TASK GOAL: Once you find the line below that contains "google chrome 是什么-google chrome是啥", write it out along with every later line exactly as given, stopping only when the records end. Omit the pictures.

DATASET ENTRIES:
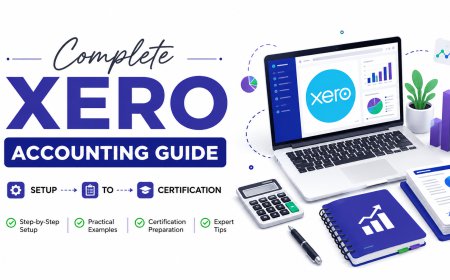 Complete Xero Accounting Guide: Setup to Certification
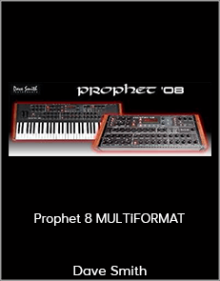 Dave Smith - Prophet 8 MULTiFORMAT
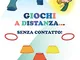 GIOCHI A DISTANZA... SENZA CONTATTO!: Piccolo repertorio “esemplare” di giochi di gruppo e...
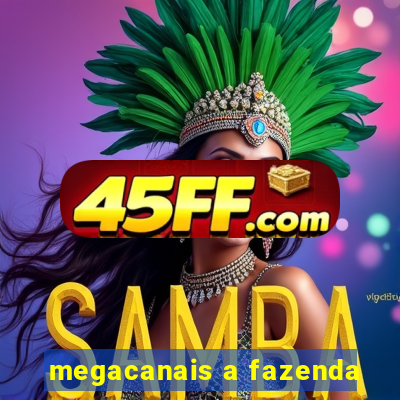 megacanais a fazenda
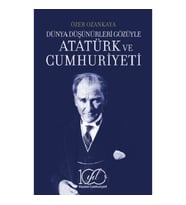 Dünya Düşünürleri Gözüyle Atatürk ve Cumhuriyeti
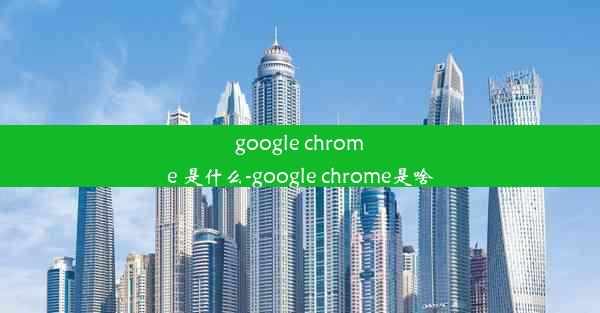 google chrome 是什么-google chrome是啥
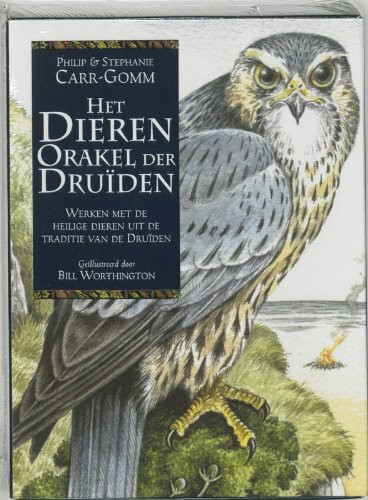 Het dierenorakel der druiden: werken met de heilige dieren uit de traditie der druiden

RESPONSE AREA:
 google chrome 是什么-google chrome是啥
 Het dierenorakel der druiden: werken met de heilige dieren uit de traditie der druiden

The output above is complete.